→ Task prompt: Drop the images, then output the listing exactly.

→ Exercise data:
+--
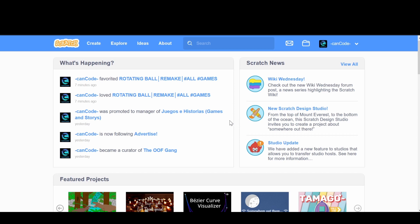Hey guys and welcome back to CanCode. Today I'm going to do a super easy tutorial on how you can make a shooter game on Scratch.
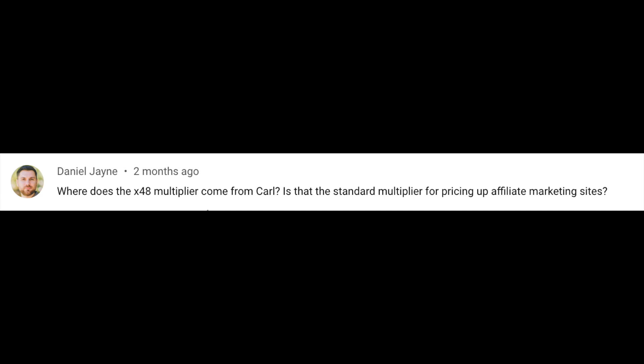And the next question I have is from Daniel. And Daniel says, where does the 48 multiplier come from? Is that a standard multiplier for pricing up affiliate marketing websites? So I think what Daniel's referring to is maybe one of my videos where I've given a valuation for one of my websites. Now, commonly in this industry, a valuation of a website is a multiple of the earnings, usually over a six months period. So if your website's been earning $1,000 for six months, then your average earning is $1,000. And then you would multiply that by a multiplier that can range from anything from I've seen it as low as 25, but I've seen it as high as 55.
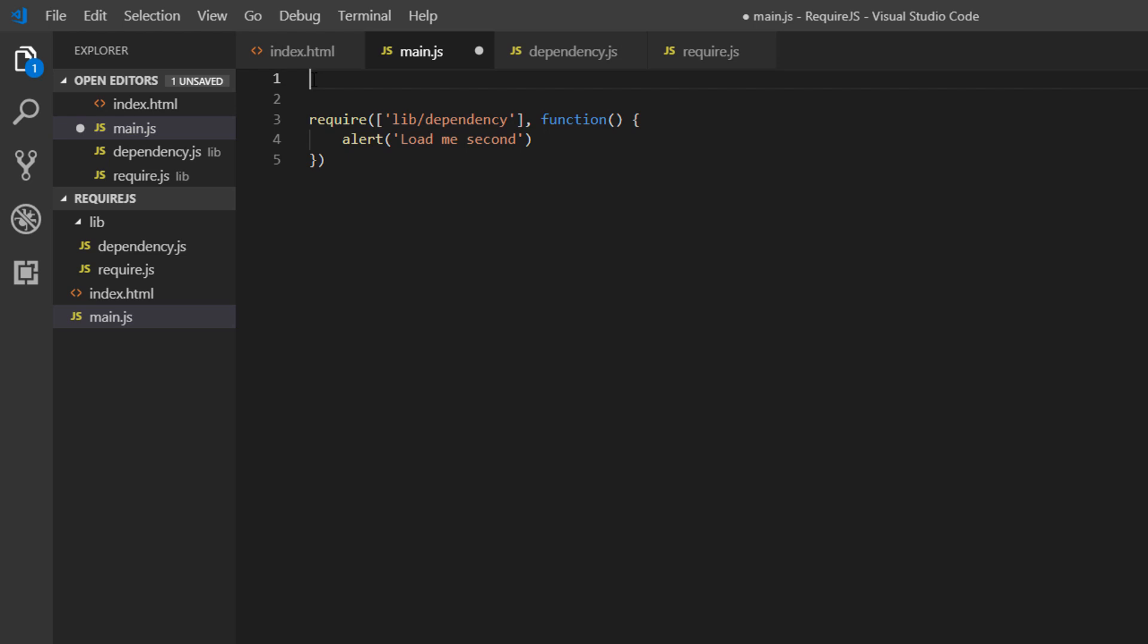Another reason is that we can set a number of paths and dependencies in our config that we can then use in various files. For example, there might be some dependencies that we don't want to use in main.js, but we want to use in a second JavaScript file. In that case, we're going to keep one configuration of all of our dependencies, methods, and libraries, which we can then call at various points in our project.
+--
→ Solution:
Hey guys and welcome back to CanCode. Today I'm going to do a super easy tutorial on how you can make a shooter game on Scratch.
And the next question I have is from Daniel. And Daniel says, where does the 48 multiplier come from? Is that a standard multiplier for pricing up affiliate marketing websites? So I think what Daniel's referring to is maybe one of my videos where I've given a valuation for one of my websites. Now, commonly in this industry, a valuation of a website is a multiple of the earnings, usually over a six months period. So if your website's been earning $1,000 for six months, then your average earning is $1,000. And then you would multiply that by a multiplier that can range from anything from I've seen it as low as 25, but I've seen it as high as 55.
Another reason is that we can set a number of paths and dependencies in our config that we can then use in various files. For example, there might be some dependencies that we don't want to use in main.js, but we want to use in a second JavaScript file. In that case, we're going to keep one configuration of all of our dependencies, methods, and libraries, which we can then call at various points in our project.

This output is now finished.